**** Given information ****

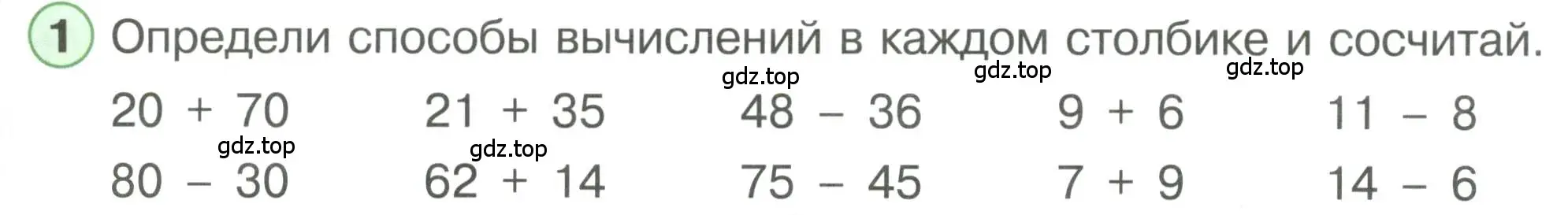 Условие номер 1 (страница 88) гдз по математике 1 класс Петерсон, учебник 3 часть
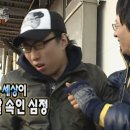 크로스핏 타우너 이미지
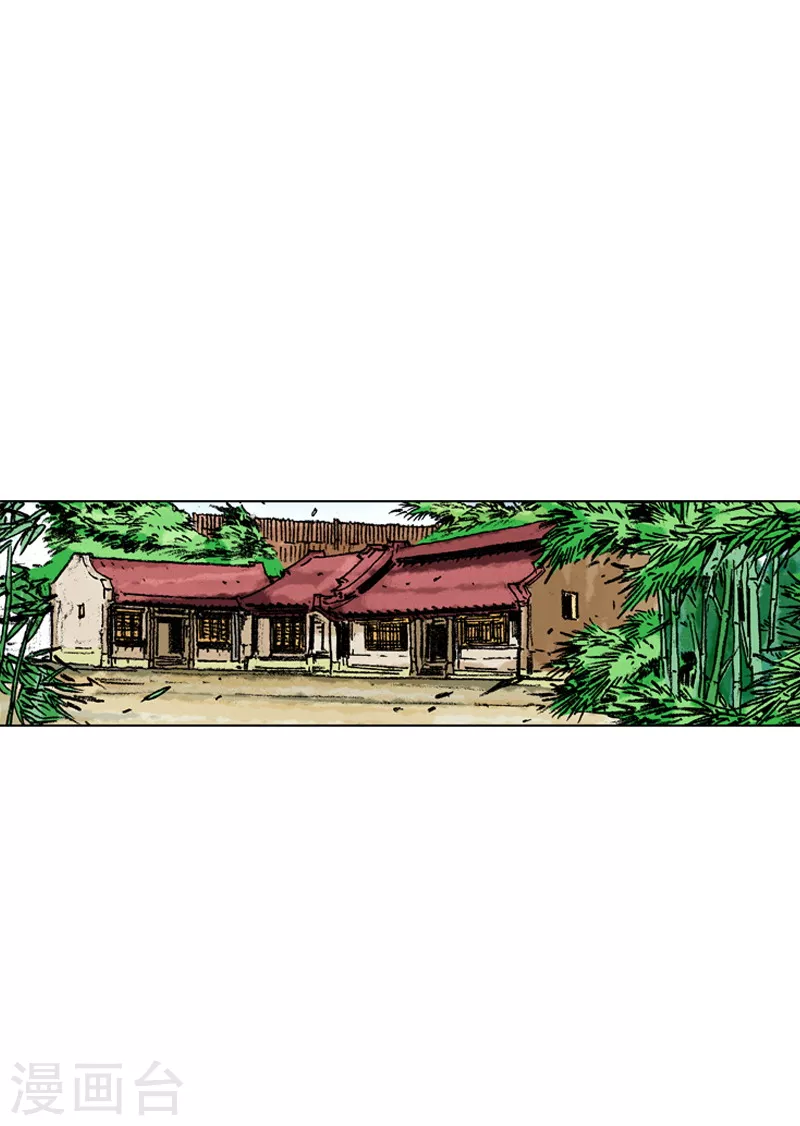 第148话 赌上性命-第151话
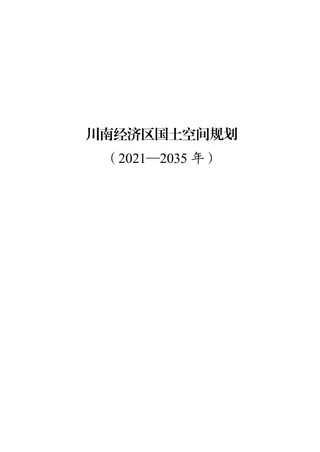 四川省川南经济区国土空间规划(2021-2035年)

****

Task goal :: Your answer must be an exact copy of the lines from the one with "크로스핏 타우너 이미지" through the final line of the data, both included, without any pictures.

Exercise result ::
 크로스핏 타우너 이미지
 第148话 赌上性命-第151话
 四川省川南经济区国土空间规划(2021-2035年)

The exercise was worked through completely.